Chirag Shah: AI agents have been around for a long time. Essentially, these are computer programs that work autonomously. Users can give them some instructions and they’ll perform tasks for the users. It could be as simple as an agent that turns on lights. Or it could be as complex as an agent that drives your car for you.
Right now, because of generative AI, we’re able to do a lot of the things that the previous generation of agents weren’t able to do. A lot of organizations now see this as the next phase of generative AI, where systems can move beyond just generating information and can use that information for reasoning and for taking action — so they can function kind of like personal assistants.
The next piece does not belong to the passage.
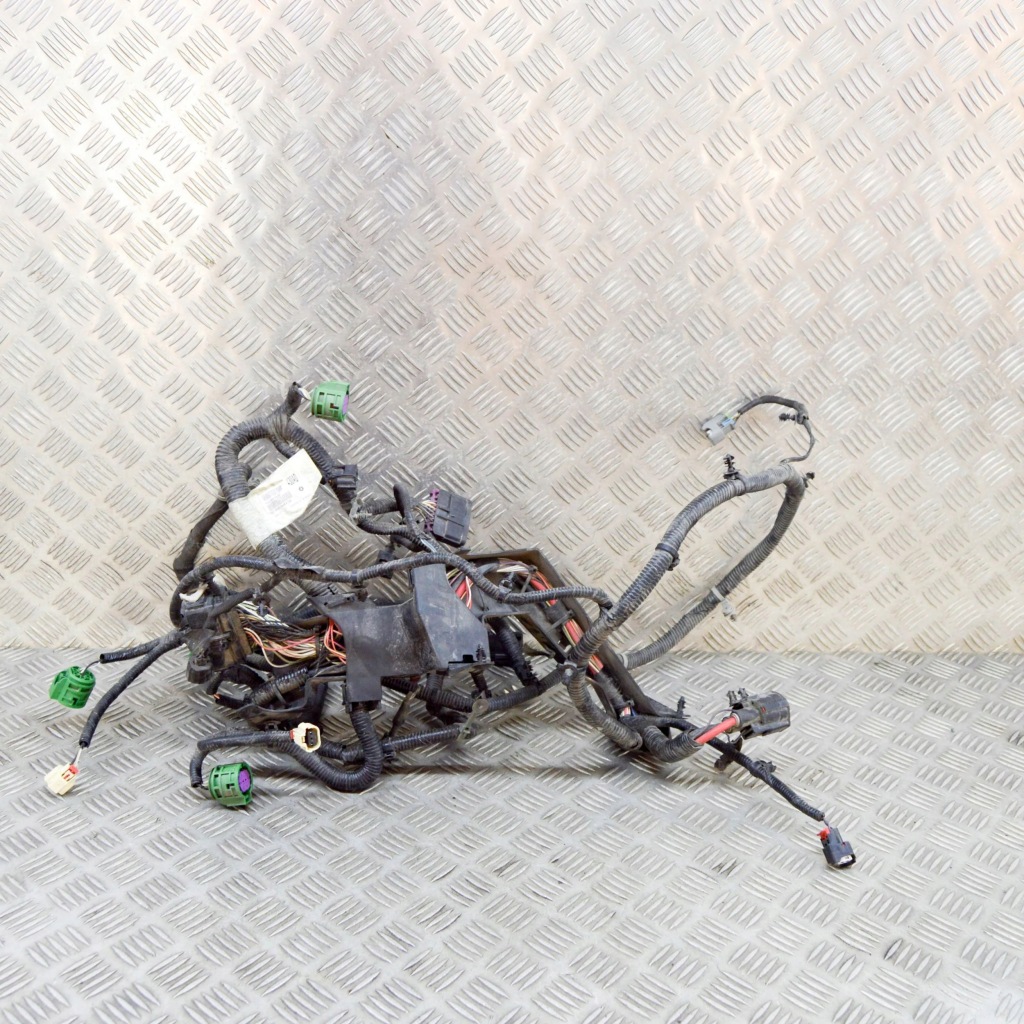 Jeep Cherokee 2015 джгут проводів / кабелів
How is this new generation distinct?
CS: There are tasks that we do that are tedious. So imagine if somebody were to observe you and see how you do certain things, and then replicate that. Then you can delegate the task to them. Now, if you can train generative AI to mimic human behavior in that way, it can help you with things you might do online: finding information, booking things, even shopping.
So are we just going to do our holiday shopping next year with these agents? If that isn’t in the immediate future, what’s standing in the way of it?
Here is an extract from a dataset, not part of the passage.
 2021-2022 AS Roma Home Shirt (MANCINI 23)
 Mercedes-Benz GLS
CS: Well, some people don’t want to delegate, because they actually get joy out of shopping. But if you find it tedious, it would be nice to have an agent that functions like a personal assistant. We’d say, “OK, I’m trying to buy shoes for my friend. Here’s my budget.”
What’s stopping us from doing that? First off, if you have this AI assistant, would you trust its judgment? Obviously, there are times when you can say, “OK, as long as it fits these criteria of this budget and this size, go for it.” But there are other times you may have more specific needs that you don’t realize until you are actually doing the task yourself. People discover what they like and don’t while they’re shopping, and so we haven’t been able to really mimic that with AI agents yet.
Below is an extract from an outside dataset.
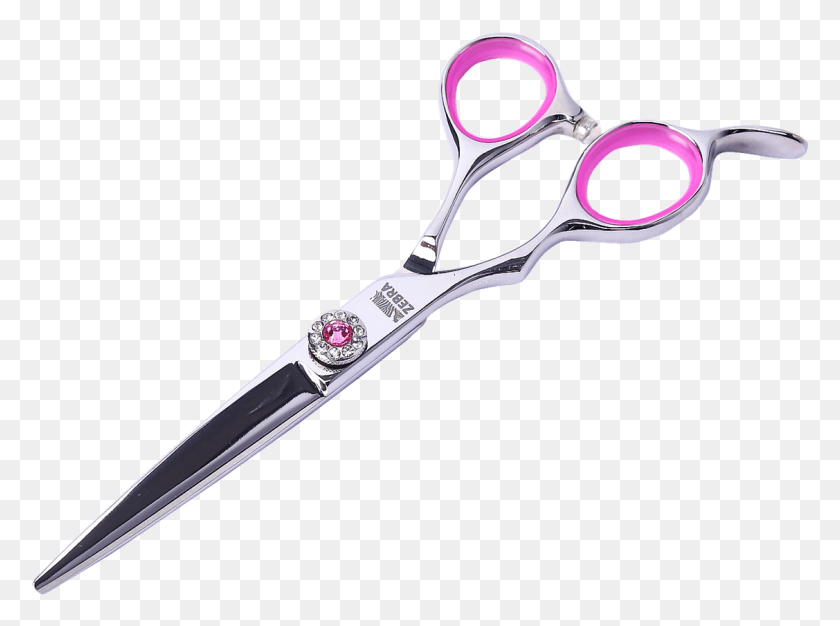1127x819 Professional Hairdressing Left Handed Hair Cutting Scissors, Blade, Weapon, Weaponry HD PNG Download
This new generation of browsing agents provides a way forward. The way I would browse and the way I would shop online would be different from yours. So my agent, which is personalized to my taste, could learn those things from me, and could do the kind of shopping that I would do. One of the things we’ll need to see is personalized agents.
Building that trust seems key.
CS: Yes, because there is a cost to making a mistake. Imagine this shopping scenario: You give the budget, you give the parameters and you get some outcome that you’re not happy with. And maybe you’re stuck with the item because the agent bought from a company that doesn’t take returns.
So there are costs to making mistakes, and you’re going to bear the cost, not the agent. You don’t have a lot of choices in terms of correcting this, besides not using the agent anymore.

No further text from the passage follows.